WHAT THE TASK ASKS — Extract the line that contains "More Photos Of" and every line after it to the end of the records below, exactly as written and nothing else.

EXTRACTED ENTRIES —

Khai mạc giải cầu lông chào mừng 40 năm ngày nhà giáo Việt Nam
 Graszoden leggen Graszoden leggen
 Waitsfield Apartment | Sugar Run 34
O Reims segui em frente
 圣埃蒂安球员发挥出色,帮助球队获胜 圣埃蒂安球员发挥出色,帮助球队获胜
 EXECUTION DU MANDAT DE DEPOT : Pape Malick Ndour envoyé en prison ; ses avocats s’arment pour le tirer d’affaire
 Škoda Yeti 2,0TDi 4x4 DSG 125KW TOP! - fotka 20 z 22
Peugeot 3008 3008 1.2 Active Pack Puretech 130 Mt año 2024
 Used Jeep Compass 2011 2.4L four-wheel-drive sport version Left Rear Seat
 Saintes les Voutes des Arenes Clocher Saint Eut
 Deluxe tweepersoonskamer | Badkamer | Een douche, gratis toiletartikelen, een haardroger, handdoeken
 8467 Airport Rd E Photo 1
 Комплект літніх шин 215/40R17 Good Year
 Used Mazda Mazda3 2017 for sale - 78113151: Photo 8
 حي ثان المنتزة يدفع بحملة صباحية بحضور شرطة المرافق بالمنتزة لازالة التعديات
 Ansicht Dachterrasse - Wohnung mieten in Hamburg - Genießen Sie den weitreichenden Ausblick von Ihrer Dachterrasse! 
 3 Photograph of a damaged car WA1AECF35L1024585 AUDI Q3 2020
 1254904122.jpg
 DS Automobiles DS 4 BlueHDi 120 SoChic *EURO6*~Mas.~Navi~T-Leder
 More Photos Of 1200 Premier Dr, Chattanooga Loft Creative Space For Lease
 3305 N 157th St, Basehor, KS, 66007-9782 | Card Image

SOLUTION —
 More Photos Of 1200 Premier Dr, Chattanooga Loft Creative Space For Lease
 3305 N 157th St, Basehor, KS, 66007-9782 | Card Image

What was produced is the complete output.